Juste à côté, la Sierra Leone n’est pas épargnée : Shandong Iron and Steel a annoncé le 13 juillet un investissement de 1,2 milliard d’euros en vue de sécuriser 10 millions de tonnes par an à prix préférentiel, issues du gisement de Tonkolili d’African Minerals. Cette junior minière est dirigée par l’Australo-Roumain Frank Timis, personnage haut en couleur critiqué pour ses exagérations sur les ressources minérales de ses concessions.

Eviter la monoactivité

Jusqu’à présent, l’Afrique ne fournissait que 4 % du fer mondial, mais les experts prévoient que le continent représentera plus de 15 % de la production d’ici dix ans. La Mauritanie, pays leader du continent avec sa Société nationale minière (Snim), ne sera donc plus isolée. La Guinée affiche même l’ambition de devenir le troisième producteur mondial. Le Sénégal n’est pas oublié : il attend la création d’une coentreprise entre l’indien NMDC et ArcelorMittal pour l’exploitation du gisement de Falémé. Dans d’autres régions du continent, des pays riches en fer comme Madagascar (en négociation avec le sidérurgiste chinois Wisco) et le Gabon sont aussi courtisés.

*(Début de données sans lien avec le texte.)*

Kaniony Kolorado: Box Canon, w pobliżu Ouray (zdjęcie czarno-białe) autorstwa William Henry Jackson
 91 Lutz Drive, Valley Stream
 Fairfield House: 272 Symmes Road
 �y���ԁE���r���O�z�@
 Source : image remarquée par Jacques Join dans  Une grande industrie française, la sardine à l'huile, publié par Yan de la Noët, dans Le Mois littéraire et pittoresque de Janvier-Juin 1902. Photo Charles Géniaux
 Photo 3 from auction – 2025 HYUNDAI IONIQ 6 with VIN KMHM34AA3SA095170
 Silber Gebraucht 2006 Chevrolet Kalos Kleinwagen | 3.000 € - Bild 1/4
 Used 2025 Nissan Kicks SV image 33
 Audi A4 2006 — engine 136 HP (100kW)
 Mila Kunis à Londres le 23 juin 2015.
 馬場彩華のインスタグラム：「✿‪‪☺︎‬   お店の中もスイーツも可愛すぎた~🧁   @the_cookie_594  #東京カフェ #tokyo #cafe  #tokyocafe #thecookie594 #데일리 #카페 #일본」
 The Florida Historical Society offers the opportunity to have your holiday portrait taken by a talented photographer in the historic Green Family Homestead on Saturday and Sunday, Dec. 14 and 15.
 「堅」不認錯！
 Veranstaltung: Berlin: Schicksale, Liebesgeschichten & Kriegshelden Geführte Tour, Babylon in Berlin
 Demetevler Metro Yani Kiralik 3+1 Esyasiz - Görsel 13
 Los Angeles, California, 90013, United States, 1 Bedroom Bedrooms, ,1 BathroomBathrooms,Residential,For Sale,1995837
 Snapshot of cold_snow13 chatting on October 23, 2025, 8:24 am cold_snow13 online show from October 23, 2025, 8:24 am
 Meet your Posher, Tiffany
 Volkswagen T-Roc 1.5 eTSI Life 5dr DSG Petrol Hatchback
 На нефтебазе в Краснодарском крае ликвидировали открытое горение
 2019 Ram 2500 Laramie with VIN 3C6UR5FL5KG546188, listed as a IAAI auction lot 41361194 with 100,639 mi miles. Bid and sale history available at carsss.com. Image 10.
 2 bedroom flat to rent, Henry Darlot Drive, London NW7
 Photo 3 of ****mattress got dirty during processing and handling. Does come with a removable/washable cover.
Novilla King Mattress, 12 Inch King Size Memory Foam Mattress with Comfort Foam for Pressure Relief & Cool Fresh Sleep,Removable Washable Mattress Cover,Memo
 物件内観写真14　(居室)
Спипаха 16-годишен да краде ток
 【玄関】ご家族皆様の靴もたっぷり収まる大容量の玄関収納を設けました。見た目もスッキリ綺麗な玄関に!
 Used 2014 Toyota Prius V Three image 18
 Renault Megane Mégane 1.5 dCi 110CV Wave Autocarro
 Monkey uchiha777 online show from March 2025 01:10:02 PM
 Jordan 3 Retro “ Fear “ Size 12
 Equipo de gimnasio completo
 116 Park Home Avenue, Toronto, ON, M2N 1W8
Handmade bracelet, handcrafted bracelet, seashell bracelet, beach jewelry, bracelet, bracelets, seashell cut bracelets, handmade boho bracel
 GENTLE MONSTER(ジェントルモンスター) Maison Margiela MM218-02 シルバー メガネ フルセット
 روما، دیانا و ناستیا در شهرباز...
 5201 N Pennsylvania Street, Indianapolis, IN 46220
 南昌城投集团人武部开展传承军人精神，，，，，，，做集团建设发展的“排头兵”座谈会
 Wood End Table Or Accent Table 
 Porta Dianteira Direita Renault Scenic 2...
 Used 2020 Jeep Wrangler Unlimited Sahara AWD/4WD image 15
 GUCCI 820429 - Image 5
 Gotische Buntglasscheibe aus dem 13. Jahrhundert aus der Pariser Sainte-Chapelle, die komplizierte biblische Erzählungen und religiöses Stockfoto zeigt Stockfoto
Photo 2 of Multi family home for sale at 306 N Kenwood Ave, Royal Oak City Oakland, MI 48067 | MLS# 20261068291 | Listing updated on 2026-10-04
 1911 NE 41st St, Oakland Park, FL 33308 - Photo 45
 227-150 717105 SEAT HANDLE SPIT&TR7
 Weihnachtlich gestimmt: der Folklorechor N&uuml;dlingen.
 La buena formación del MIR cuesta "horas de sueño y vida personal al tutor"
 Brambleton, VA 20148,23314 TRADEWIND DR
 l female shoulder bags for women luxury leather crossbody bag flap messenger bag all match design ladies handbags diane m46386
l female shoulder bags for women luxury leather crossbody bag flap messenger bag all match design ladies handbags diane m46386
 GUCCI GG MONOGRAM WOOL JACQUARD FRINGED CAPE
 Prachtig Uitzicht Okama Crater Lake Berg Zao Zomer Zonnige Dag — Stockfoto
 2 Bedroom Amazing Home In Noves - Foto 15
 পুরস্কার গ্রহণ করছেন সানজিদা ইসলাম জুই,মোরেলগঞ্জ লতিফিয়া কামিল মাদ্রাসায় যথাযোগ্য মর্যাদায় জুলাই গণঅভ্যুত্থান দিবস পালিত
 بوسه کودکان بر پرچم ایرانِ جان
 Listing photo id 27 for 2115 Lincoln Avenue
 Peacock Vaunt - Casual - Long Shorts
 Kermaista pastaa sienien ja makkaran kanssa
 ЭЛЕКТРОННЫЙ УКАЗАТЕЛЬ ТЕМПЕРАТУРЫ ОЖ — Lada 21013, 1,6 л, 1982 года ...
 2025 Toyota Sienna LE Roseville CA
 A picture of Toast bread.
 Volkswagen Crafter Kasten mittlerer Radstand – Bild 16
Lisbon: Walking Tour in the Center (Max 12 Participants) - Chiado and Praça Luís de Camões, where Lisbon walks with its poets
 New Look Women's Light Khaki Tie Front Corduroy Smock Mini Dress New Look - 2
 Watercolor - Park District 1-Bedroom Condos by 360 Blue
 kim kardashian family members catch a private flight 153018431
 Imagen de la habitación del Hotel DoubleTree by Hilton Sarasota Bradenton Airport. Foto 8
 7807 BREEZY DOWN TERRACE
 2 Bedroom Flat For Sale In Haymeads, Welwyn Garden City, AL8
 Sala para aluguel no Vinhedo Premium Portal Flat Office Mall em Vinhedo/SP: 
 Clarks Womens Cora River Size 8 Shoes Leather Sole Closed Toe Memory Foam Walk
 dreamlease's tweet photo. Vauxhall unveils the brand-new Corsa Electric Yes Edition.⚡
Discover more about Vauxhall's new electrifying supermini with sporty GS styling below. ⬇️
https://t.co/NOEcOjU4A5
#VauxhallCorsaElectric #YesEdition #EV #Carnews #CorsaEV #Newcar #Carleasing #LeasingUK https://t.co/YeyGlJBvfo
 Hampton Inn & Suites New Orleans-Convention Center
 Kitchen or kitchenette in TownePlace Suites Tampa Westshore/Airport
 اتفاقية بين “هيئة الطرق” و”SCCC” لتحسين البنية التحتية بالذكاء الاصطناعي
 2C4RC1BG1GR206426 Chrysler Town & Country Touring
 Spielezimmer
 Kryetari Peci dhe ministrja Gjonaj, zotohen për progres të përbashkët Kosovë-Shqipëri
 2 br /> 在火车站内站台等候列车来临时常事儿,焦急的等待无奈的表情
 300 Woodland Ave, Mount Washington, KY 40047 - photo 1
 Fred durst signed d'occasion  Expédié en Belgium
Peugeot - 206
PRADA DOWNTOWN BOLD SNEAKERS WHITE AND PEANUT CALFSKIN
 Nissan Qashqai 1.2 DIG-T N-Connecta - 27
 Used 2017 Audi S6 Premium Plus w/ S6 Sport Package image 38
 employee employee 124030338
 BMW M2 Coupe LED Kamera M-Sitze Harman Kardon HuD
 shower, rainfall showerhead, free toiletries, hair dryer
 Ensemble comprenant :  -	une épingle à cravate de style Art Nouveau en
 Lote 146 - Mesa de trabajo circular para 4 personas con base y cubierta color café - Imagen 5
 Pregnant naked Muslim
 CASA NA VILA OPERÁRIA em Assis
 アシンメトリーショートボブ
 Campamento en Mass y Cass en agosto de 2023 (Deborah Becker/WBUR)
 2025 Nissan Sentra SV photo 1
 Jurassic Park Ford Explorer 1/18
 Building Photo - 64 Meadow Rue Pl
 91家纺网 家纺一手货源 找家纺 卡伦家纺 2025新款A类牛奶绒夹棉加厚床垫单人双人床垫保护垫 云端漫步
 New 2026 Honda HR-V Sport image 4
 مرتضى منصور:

Les gouvernements des pays ouest-africains à fort potentiel sont évidemment enthousiastes : « Cela faisait cinquante ans que nous étions assis sur des gisements sans rien en faire ! Demain, on pourra comparer le fer guinéen au pétrole nigérian, en termes d’apport à l’économie nationale », s’exclamait fin juin Mahmoud Thiam, le ministre guinéen des Mines. Reste à savoir si tous ces mégaprojets annoncés à grand renfort de publicité verront bien tous le jour, survivront aux aléas politiques et profiteront au plus grand nombre. Et si les pays concernés par cette aubaine sauront éviter l’écueil de la monoactivité.